2. Beauty and the Beast go Ballroom (Beauty and the Beast) – “When You Wish Upon a Star’s” emotional equivalent in Disney animation’s second golden age. A smitten Belle takes the tentative Beast onto the dance floor for a romantic and charming waltz. The camera sweeps from floor to ceiling and back again (how about that chandelier?) as the mismatched couple glides around the room. Celine Dion and Peabo Bryson had the hit single, but can anyone sing “Beauty and the Beast” like Angela Lansbury as Mrs. Potts? A serendipitous meeting of animation art, technical prowess and classic storytelling.

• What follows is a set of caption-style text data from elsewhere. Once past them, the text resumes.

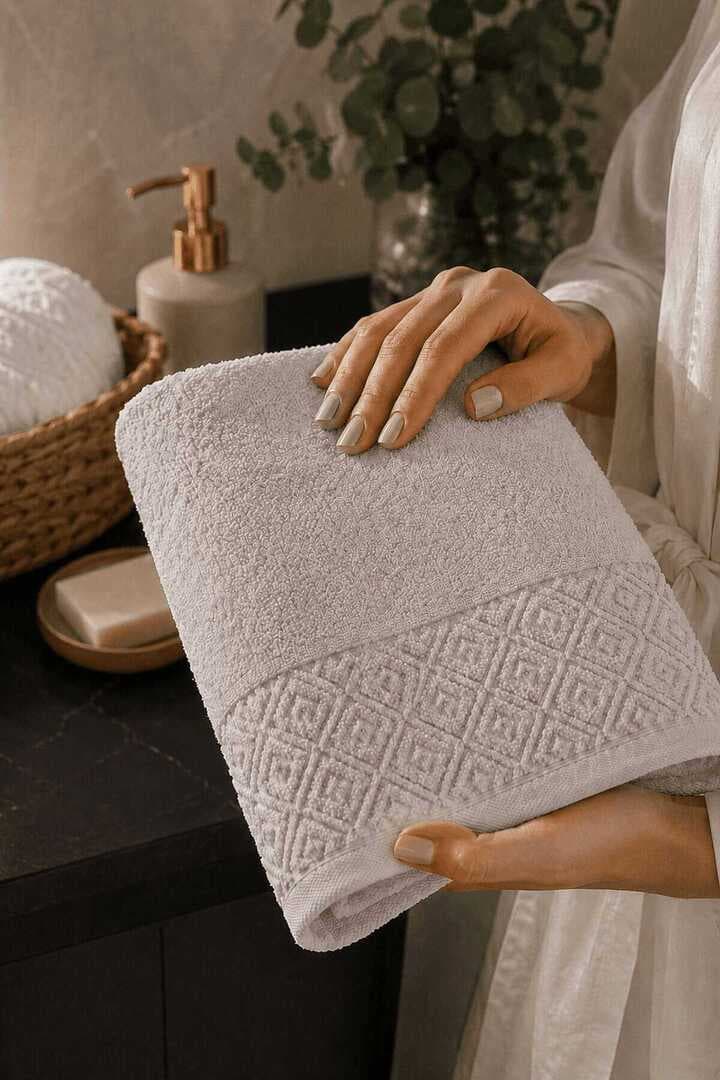 El Yüz Havlusu 50x90 cm %100 Pamuk Kısmi Kadife  Quadro Taş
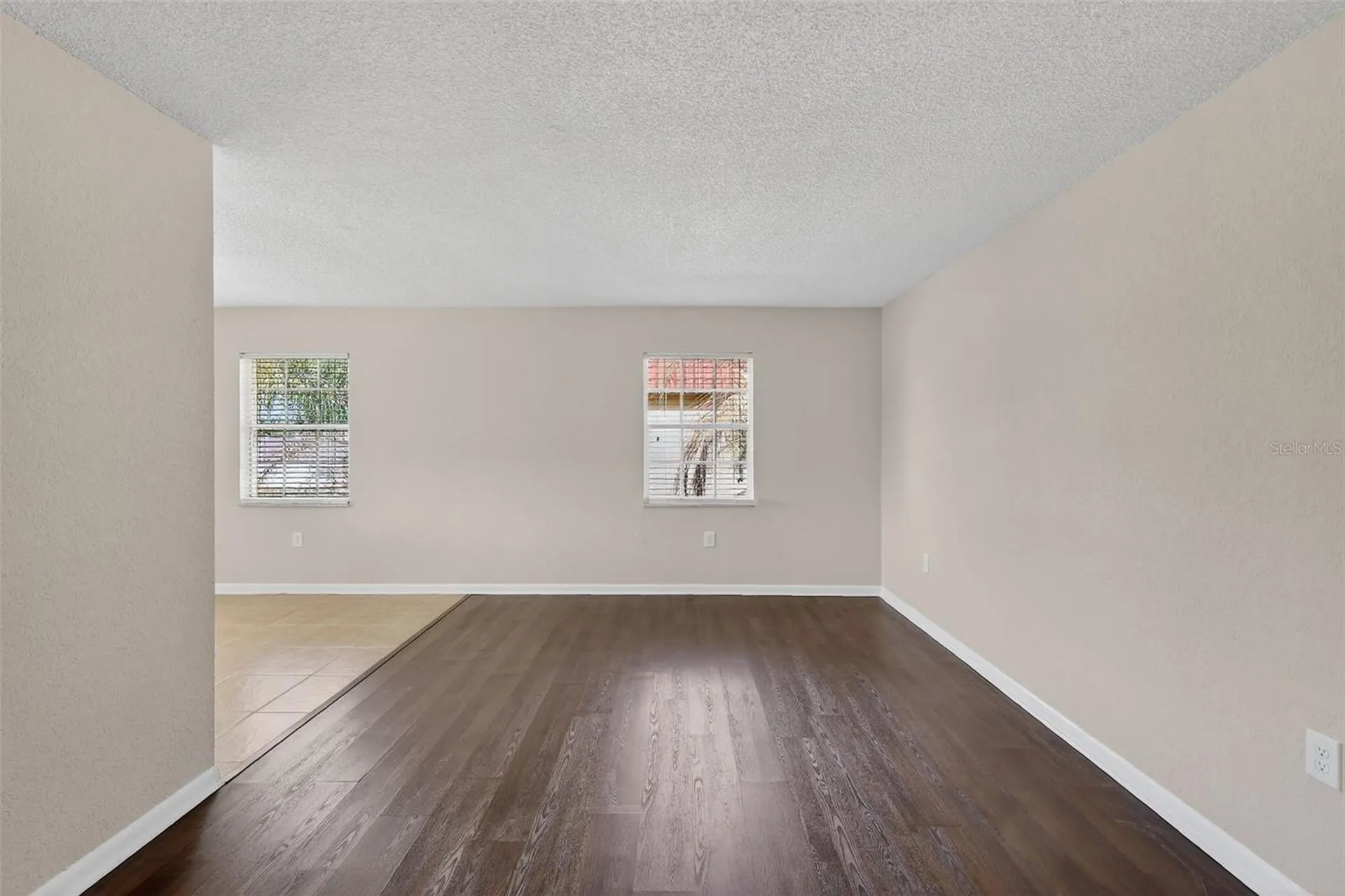 1112 W Main Street Leesburg FL 34748
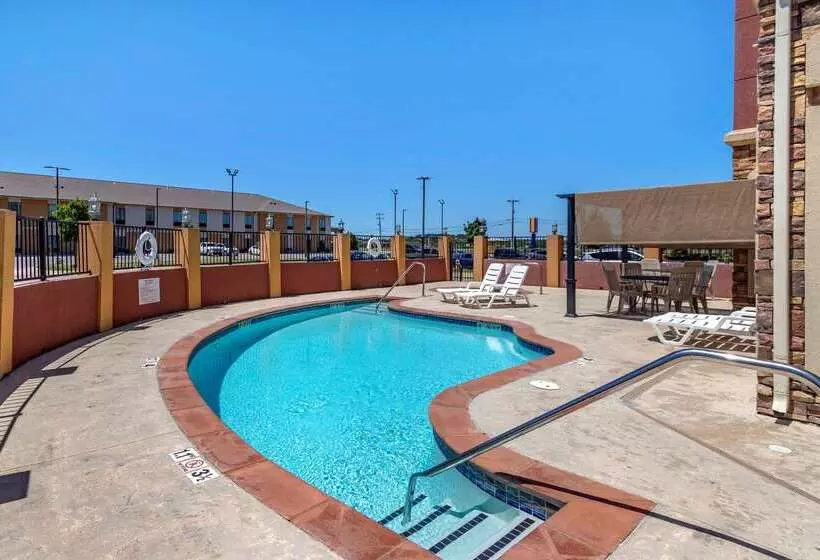 Отель Comfort Inn & Suites Glenpool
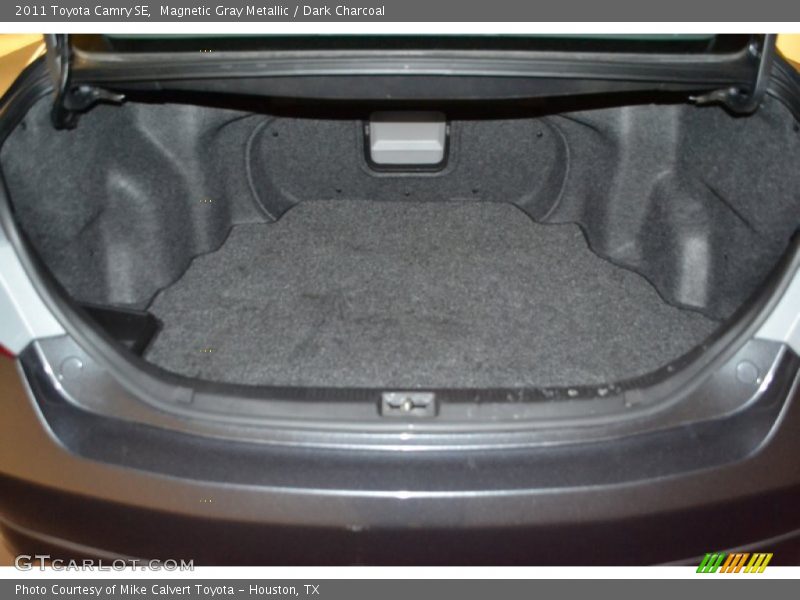 Magnetic Gray Metallic / Dark Charcoal 2011 Toyota Camry SE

1. “Night on Bald Mountain”/”Ave Maria” (Fantasia) – Walt Disney’s greatest animated masterpiece concludes with its greatest scene, a sublime juxtaposition of two entirely different pieces of music, Modest Moussorgsky’s “Night on Bald Mountain” and Franz Schubert’s “Ave Maria.” Depicting “a struggle between the profane and the sacred,” the segment begins on Walpurgis Night, the Slavic equivalent to our Halloween. Chernobog, the god of evil and death, rises from the rocks atop Bald Mountain beckoning damned souls to gather and worship him. Vivid image after vivid image ensues: skeletal ghosts and ethereal witches drift from unconsecrated graves; winged harpies dart in and out; enflamed demons dance for Chernabog’s evil pleasure before he casts them into the eternal flames of Hell. Only as church bells toll with the coming of dawn is Chernobog driven back inside his rocky perch. Then, as the gentle strains of “Ave Maria” begin, we see a fog shrouded candlelight procession. Pilgrims are on their way to worship as sunrise through the trees takes on the appearance of a stained glass church window. The spirit of light has triumphed over the forces of evil.
Best. Scene. Ever. Powerful and dramatic with stunning imagery and compelling music, "Night on Bald Mountain"/"Ave Maria" is the most profound piece of animation ever created--Disney's greatest moment.